En quelques semaines, Koba LaD se réinvente déjà et utilise ses imperfections vocales pour les dupliquer infiniment via l’AutoTune. Ainsi sur “Train de vie”, des nouvelles mélodies très personnelles se placent, offrant une tout autre palette que celle, froide et menaçante, des freestyles de Ténébreux. Ce savant mélange de fausse naïveté et de rupture sonore offre un objet non identifié, une forme en éternel mouvement, cette idée de progrès extrême à la base de la musique rap.
Autoréférences irrévérencieuses
Souvent, ces nouvelles tendances françaises ont toujours un parent ou au moins un lointain cousin en Amérique. Pour Koba, ce qui est surprenant, c’est le fait que la filiation n’est pas claire. Même si on ressent l’influence artistique d’esprits libres et créatifs comme Chief Keef, les références ne sont pas si lisibles. Même dans ses références aux films ou séries (comme Menace 2 Society, The Wire ou ici, Les Affranchis), le modèle est léger, presque élusif, comme une toile de fond avec des points numérotés que Koba relie à sa guise pour créer son propre dessin.
Koba semble se nourrir de sa propre matière, utilisant ses tours de phrases, sa voix hors norme et ses recherches de fractures pour créer sa nouvelle musique. Koba LaD se sample lui-même, créant des boucles dans son univers, jusqu’à ce dernier titre avec Niska, “RR 9.1” qui reprend des gimmicks de son mythique “Ténébreux #1”. En s’auto-citant, Koba entre dans la logique de carrière d’un rappeur global mais en version accélérée, comme si le temps n’allait pas assez vite pour lui – comme pour rendre hommage à celui qu’il était à 17 ans (il y a un an et demi).
Sur son nouvel album, L’Affranchi, Koba LaD reste dans le wagon du “Train de vie”. Il ralentit le débit, espace les ruptures et cherche des mélodies plus fortes. VII était une carte de visite, une palette large de ce qu’il pouvait faire (avec des résultats plus ou moins heureux), comme une odyssée de 17 titres avec uniquement dans le navire ses potes du Seven Binks, Bolémvn et Mafia Spartiate.

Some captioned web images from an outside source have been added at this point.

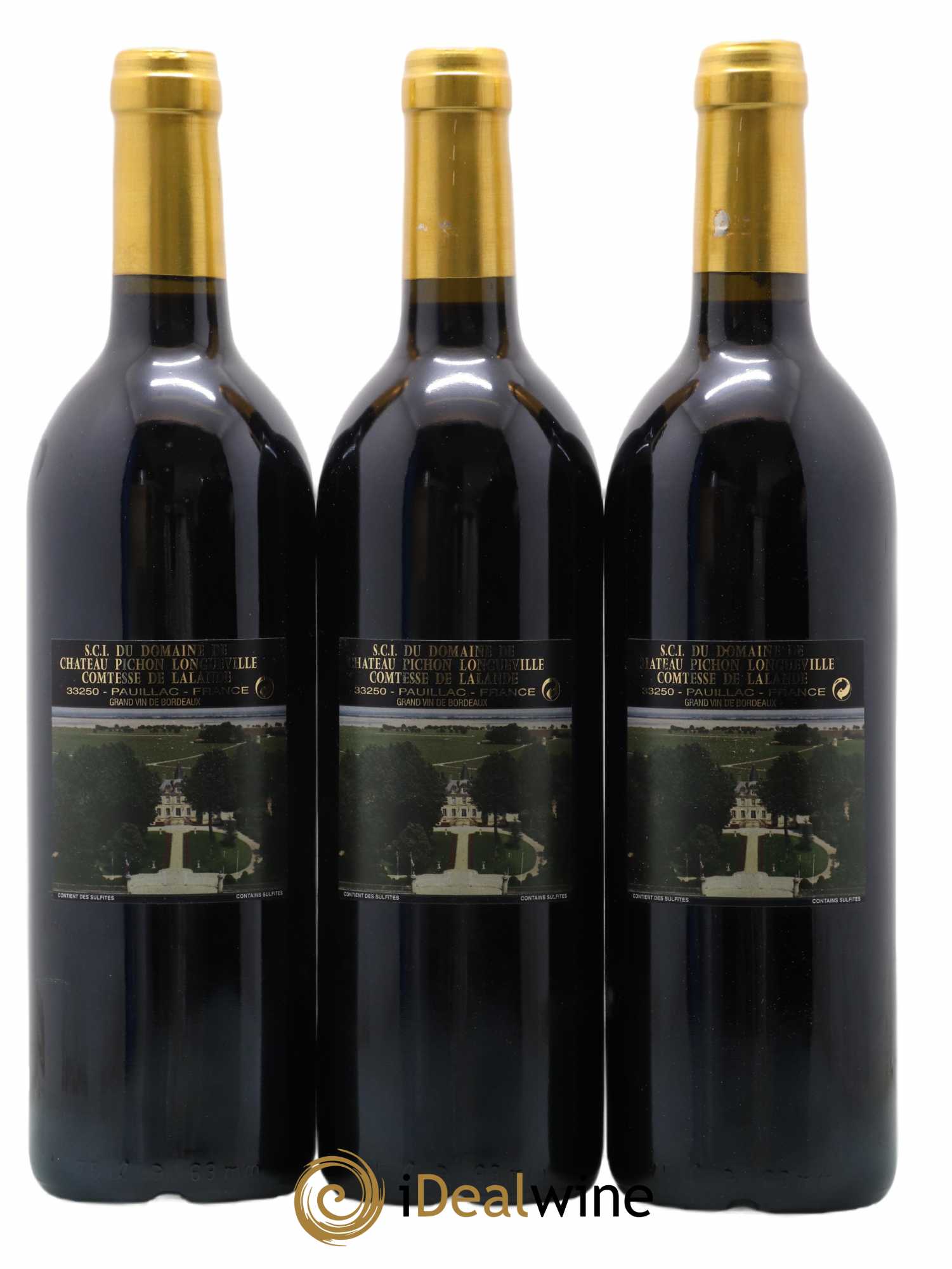 Château Pichon Longueville Comtesse de Lalande 2ème Grand Cru Classé 2003 - Lot de 3 bouteilles - 1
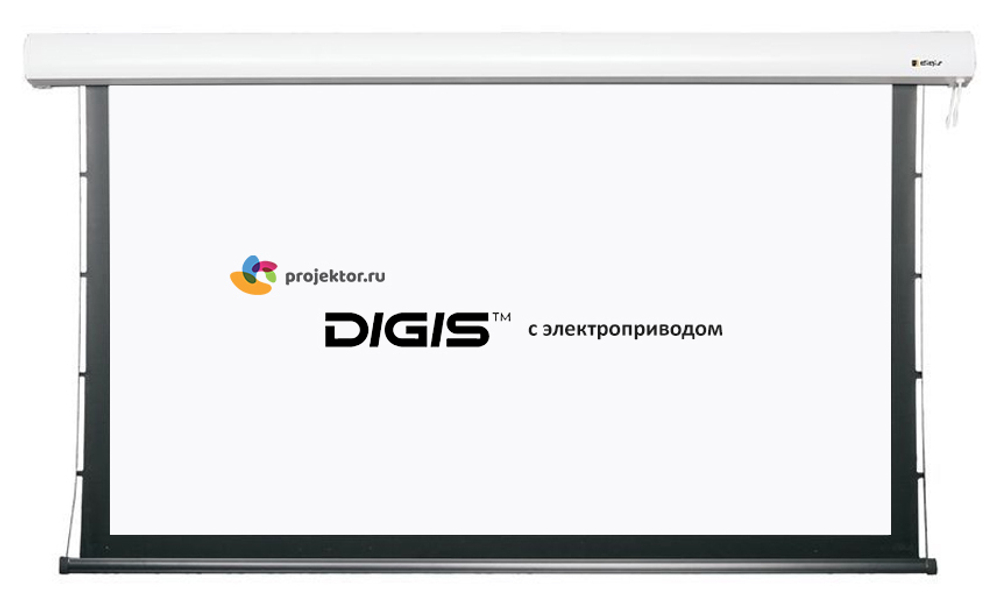 Экран настенный Digis DSTP-16912 с электроприводом 550x308 см (16:9)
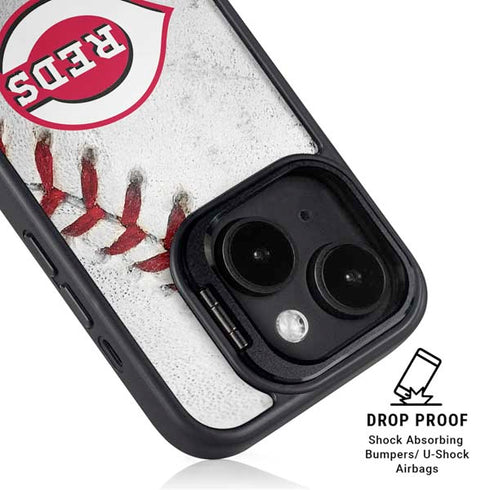 MLB Cincinnati Reds Game Ball iPhone 14 Kickstand Case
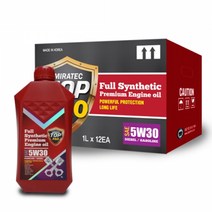 대림기업 미라텍 TOP PAO 100% 합성엔진오일 1L, 1개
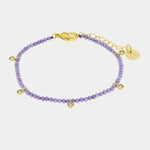 Bracciale in Metallo con pietre viola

L’Affranchi est son jubilé avec les stars du moment, ses amis du 91, Ninho et Niska, et la connexion avec Sevran, grâce à Maes sur “Matin”. Car en moins d’un an, Koba LaD est devenu un featuring de luxe, un invité explosif qui créé la friction et l’événement à chaque apparition.
Sur L’Affranchi, Koba se permet même de ne pas replacer ses derniers succès du début de l’année 2019, comme “Aventador” ou “Fefe”, qui finissent en simples freestyles de luxe – des frappes dans le bide pour ouvrir l’appétit. Le projet est ici différent. Koba cherche déjà l’après, la narration derrière la réussite. Mais en vrai, qu’est-ce qu’il se passe après le succès ?
Car, en plus de la réalisation et des mélodies, ce qui marque le plus sur L’Affranchi, c’est la mélancolie et le retour sur soi-même qui s’affichent en filigrane. Sur “Amitiés gâchées”, “Demain j’arrête” ou “Pour toi”, Koba semble déjà chercher sa rédemption, comme si une grande partie de sa célébration était loin derrière lui.
Il parle ouvertement de sa famille, ainsi que de ses actions et de leurs conséquences pour les siens. Toujours avec ses mots, simples et fédérateurs, précis et touchants. En quelques semaines, le propos a changé, il est toujours aussi détaillé mais il va dans une autre direction. Gagner de l’argent, oui, mais pour les siens. Quitter la vie de hors-la-loi pour garantir le reste.
Ainsi, le rappeur star du 91 arrive à condenser une carrière entière en cinq freestyles et deux albums. D’habitude, une carrière est souvent comparable à une série, avec des saisons à rallonge, des multiples cliffhangers et des épisodes plus ou moins réussis. La carrière de Koba LaD est un arc condensé de passage à l’âge adulte, un film de Scorsese où les ralentis n’existent plus, où tout est en lecture accélérée.